• _Instructions for the task_
Please copy all of the data that follows exactly, leaving any pictures out.

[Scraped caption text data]
*****
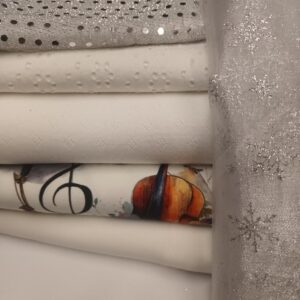 Trikotaažikomplekt muusikakangaga, 3,30 m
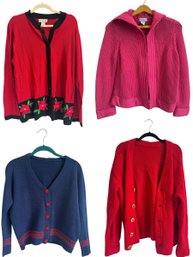 Pop Of Color Sweater Set Of 4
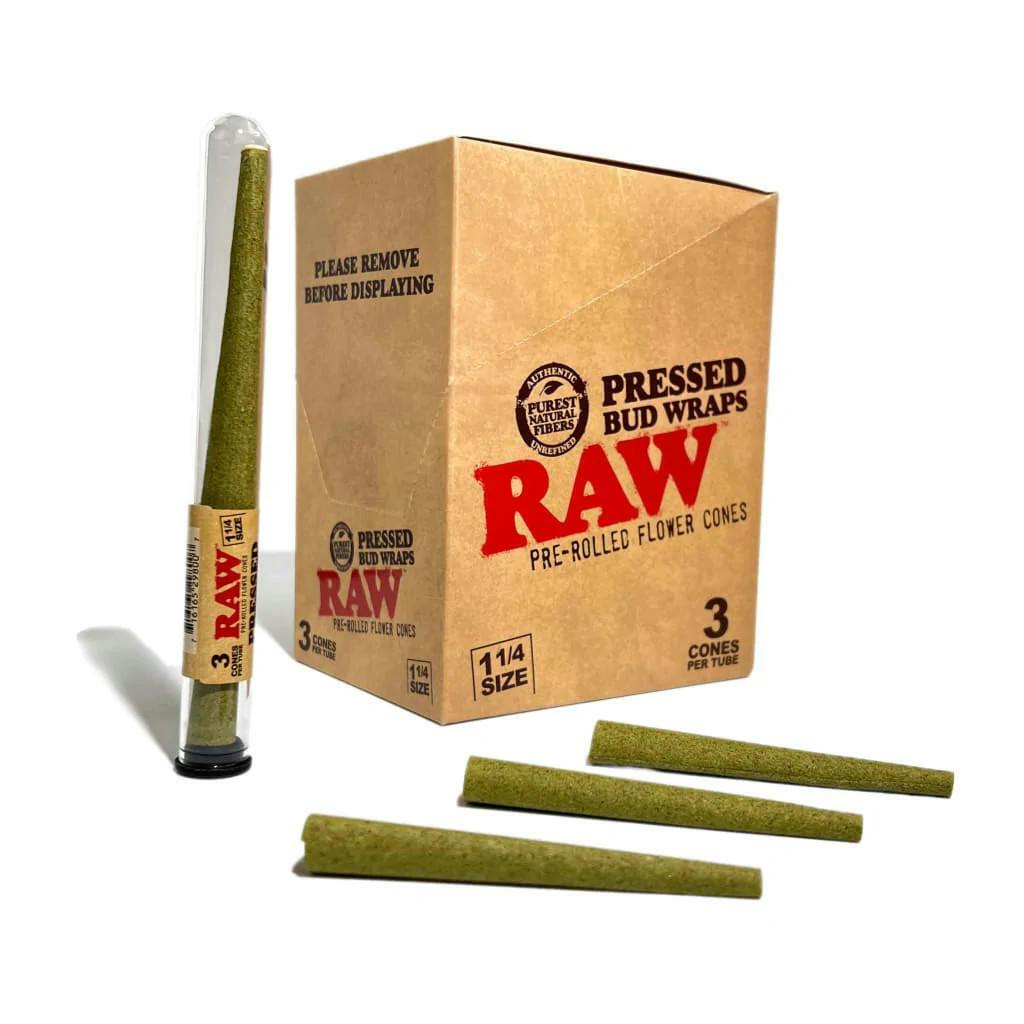 Bud Wraps - 11/4" - Pressed - 3pk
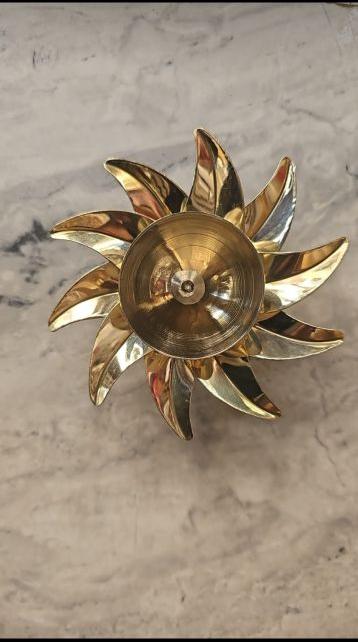 Polished Pure brass diya, for Pooja, Size : Multisize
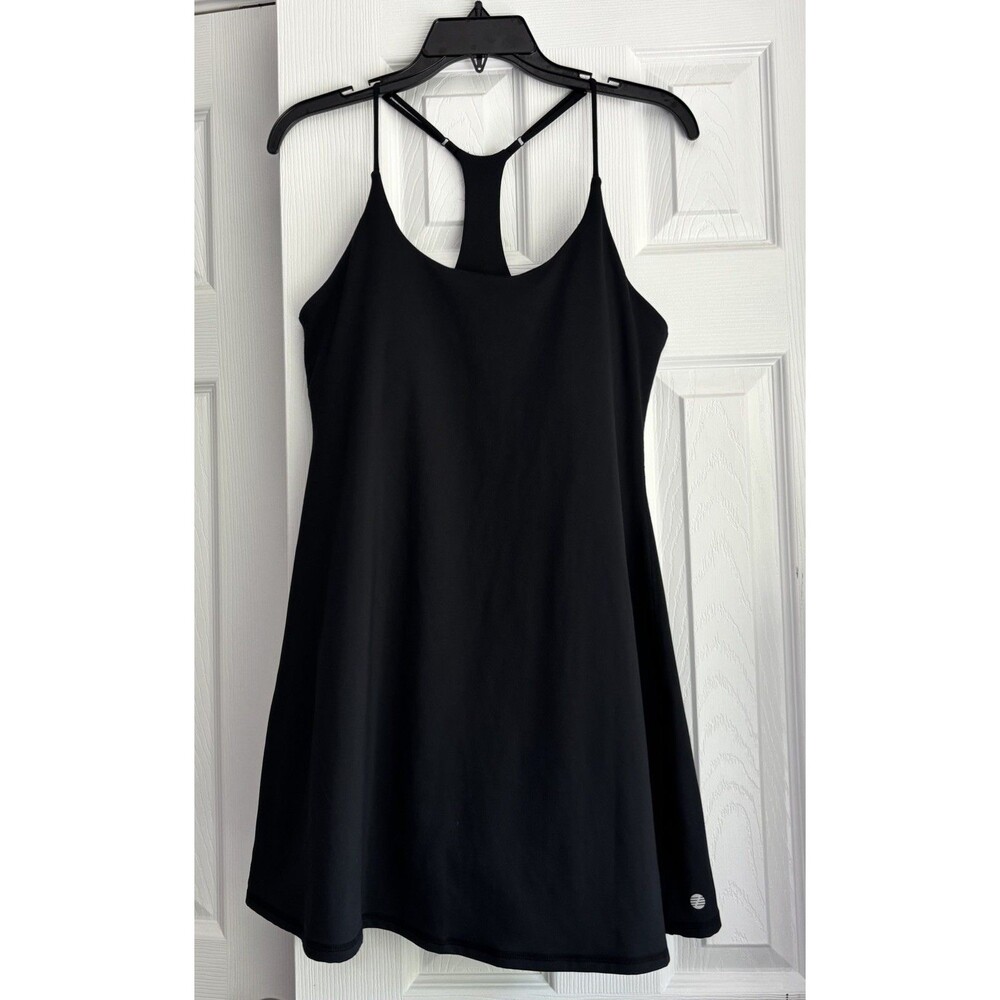 Z By Zella Black Athletic Dress Built-in Bra and Shorts Size M EUC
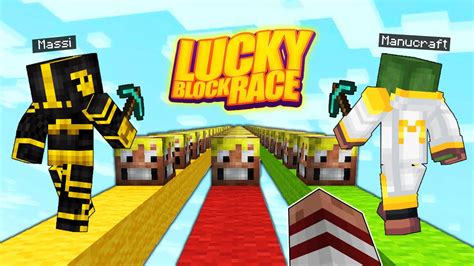 Carrera De Lucky Blocks De Magoangelesp En Minecraft Con Massi Y Manu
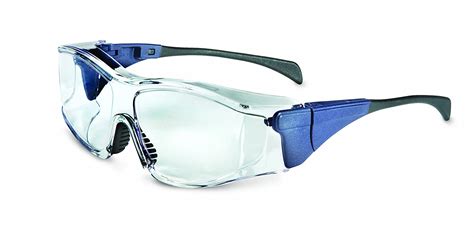 Large Coverage Fit Over Eyeglasses Safety Goggle Glasses All Clear Ansi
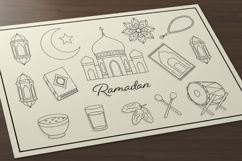 Ramadan Kareem Line Art Icons Collection Product Image 2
*****
• _Exercise response_
 Trikotaažikomplekt muusikakangaga, 3,30 m
 Pop Of Color Sweater Set Of 4
 Bud Wraps - 11/4" - Pressed - 3pk
 Polished Pure brass diya, for Pooja, Size : Multisize
 Z By Zella Black Athletic Dress Built-in Bra and Shorts Size M EUC
 Carrera De Lucky Blocks De Magoangelesp En Minecraft Con Massi Y Manu
 Large Coverage Fit Over Eyeglasses Safety Goggle Glasses All Clear Ansi
 Ramadan Kareem Line Art Icons Collection Product Image 2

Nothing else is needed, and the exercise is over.